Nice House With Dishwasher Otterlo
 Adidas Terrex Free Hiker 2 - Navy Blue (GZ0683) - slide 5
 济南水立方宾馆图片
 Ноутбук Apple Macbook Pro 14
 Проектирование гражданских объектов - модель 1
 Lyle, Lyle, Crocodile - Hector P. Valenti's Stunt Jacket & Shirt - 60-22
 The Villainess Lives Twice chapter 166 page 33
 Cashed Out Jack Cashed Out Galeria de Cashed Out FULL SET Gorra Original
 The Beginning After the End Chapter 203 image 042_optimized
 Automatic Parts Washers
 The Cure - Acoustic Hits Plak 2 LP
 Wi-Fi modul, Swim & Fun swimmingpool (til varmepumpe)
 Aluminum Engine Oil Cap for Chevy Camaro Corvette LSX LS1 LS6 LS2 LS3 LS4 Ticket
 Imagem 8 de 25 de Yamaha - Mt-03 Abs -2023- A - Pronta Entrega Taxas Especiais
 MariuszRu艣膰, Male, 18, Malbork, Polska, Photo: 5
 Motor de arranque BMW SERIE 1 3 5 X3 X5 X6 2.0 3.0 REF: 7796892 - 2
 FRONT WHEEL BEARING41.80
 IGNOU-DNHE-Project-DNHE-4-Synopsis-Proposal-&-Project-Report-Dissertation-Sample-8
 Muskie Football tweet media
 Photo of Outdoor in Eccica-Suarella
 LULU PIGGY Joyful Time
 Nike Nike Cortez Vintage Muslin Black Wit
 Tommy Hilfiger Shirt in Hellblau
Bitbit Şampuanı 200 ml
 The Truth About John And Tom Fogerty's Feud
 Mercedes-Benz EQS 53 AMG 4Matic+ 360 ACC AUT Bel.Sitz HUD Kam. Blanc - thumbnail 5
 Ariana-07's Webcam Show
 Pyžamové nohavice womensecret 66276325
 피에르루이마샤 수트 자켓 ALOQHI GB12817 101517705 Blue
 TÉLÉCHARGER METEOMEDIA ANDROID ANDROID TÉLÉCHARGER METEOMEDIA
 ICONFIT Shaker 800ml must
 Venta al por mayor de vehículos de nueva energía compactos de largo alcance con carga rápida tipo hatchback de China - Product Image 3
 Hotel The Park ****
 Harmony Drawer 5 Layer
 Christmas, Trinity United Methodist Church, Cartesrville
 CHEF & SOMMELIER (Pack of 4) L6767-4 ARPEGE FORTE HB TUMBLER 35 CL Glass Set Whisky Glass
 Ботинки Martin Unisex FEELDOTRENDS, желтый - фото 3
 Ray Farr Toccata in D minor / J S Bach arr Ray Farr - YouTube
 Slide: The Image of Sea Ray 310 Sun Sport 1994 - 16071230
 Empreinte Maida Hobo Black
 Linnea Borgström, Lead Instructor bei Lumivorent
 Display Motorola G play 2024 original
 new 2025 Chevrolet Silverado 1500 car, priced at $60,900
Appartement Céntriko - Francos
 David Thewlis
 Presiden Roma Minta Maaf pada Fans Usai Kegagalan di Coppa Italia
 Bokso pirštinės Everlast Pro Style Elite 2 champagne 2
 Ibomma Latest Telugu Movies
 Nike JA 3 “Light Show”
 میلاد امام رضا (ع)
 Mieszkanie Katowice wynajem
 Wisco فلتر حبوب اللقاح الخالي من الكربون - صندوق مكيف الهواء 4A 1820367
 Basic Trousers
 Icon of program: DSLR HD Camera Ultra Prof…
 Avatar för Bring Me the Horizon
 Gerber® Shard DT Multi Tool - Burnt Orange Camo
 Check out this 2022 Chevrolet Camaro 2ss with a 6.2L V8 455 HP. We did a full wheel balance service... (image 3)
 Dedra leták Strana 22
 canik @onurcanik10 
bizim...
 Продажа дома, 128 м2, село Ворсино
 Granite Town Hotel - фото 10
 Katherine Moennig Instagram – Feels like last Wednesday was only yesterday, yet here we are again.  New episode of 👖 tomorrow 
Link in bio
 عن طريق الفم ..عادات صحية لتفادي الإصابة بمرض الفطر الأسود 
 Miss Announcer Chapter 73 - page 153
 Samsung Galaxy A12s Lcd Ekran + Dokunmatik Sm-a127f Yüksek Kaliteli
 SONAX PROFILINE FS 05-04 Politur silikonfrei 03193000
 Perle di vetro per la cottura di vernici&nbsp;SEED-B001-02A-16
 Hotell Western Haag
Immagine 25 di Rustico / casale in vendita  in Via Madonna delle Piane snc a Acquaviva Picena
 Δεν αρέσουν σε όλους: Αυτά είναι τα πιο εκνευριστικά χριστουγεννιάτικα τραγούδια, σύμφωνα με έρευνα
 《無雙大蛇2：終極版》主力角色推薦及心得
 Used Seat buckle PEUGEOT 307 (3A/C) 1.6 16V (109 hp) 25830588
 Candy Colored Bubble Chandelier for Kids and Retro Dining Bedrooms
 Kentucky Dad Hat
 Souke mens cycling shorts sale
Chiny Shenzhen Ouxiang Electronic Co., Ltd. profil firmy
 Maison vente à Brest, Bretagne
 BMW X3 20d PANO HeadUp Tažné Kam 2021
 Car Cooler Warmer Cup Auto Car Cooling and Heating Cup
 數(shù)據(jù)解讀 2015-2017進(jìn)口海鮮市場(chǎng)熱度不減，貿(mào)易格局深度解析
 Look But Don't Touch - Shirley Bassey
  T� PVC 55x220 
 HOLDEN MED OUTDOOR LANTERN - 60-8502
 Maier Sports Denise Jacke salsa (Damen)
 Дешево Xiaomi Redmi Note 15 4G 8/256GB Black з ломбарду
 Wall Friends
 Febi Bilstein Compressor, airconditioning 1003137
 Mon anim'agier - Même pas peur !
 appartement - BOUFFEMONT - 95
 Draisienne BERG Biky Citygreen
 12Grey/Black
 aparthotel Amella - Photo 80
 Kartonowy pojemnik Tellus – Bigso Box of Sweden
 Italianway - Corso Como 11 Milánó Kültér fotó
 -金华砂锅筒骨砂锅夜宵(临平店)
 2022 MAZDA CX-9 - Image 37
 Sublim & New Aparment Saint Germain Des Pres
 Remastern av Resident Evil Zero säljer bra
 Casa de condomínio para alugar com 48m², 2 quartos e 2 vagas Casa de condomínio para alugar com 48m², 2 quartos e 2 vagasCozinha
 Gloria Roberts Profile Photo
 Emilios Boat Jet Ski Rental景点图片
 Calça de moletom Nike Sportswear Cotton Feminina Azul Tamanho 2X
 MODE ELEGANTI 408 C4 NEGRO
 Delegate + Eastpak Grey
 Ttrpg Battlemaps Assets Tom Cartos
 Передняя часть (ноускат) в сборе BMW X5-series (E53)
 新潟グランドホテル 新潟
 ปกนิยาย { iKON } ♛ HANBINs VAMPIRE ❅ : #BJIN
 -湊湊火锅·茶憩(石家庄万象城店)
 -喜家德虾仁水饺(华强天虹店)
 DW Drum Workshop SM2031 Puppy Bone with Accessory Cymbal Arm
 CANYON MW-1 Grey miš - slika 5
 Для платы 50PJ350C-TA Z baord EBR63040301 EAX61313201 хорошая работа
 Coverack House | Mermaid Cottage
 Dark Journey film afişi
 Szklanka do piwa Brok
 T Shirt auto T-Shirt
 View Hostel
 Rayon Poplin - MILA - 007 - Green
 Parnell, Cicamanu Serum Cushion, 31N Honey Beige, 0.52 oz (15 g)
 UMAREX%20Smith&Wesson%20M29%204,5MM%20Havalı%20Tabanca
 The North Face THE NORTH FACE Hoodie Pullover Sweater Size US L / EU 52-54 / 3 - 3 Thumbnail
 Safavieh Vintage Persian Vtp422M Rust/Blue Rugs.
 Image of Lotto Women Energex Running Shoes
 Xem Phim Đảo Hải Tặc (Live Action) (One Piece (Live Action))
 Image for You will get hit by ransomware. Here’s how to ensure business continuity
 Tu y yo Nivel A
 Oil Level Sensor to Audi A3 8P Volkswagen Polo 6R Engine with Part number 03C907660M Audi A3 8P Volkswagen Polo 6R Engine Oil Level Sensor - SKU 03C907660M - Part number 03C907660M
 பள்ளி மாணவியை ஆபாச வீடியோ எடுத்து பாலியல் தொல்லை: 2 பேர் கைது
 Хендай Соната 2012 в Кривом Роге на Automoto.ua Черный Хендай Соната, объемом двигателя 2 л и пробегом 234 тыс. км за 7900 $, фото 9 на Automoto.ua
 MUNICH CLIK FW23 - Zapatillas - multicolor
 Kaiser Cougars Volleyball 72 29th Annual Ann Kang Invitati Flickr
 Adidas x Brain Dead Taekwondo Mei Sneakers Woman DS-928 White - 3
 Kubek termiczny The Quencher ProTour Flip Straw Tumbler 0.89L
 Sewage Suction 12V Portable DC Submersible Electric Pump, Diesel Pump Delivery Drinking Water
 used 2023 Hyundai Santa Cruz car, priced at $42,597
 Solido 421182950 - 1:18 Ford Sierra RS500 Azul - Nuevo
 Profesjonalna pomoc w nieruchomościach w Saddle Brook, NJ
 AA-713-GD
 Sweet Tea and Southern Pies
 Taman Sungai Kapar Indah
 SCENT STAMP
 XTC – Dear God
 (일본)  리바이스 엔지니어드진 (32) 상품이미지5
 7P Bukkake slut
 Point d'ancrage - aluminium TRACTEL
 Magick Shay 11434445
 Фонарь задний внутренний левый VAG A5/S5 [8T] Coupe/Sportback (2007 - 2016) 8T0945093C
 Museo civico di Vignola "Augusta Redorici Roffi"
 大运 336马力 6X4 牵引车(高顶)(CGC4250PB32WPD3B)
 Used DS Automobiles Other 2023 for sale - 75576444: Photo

____

_Required action_
Copy out only the lines above from the one with "Bitbit Şampuanı 200 ml" to the one with "ICONFIT Shaker 800ml must", inclusive, exactly as they stand.

_Task result_
Bitbit Şampuanı 200 ml
 The Truth About John And Tom Fogerty's Feud
 Mercedes-Benz EQS 53 AMG 4Matic+ 360 ACC AUT Bel.Sitz HUD Kam. Blanc - thumbnail 5
 Ariana-07's Webcam Show
 Pyžamové nohavice womensecret 66276325
 피에르루이마샤 수트 자켓 ALOQHI GB12817 101517705 Blue
 TÉLÉCHARGER METEOMEDIA ANDROID ANDROID TÉLÉCHARGER METEOMEDIA
 ICONFIT Shaker 800ml must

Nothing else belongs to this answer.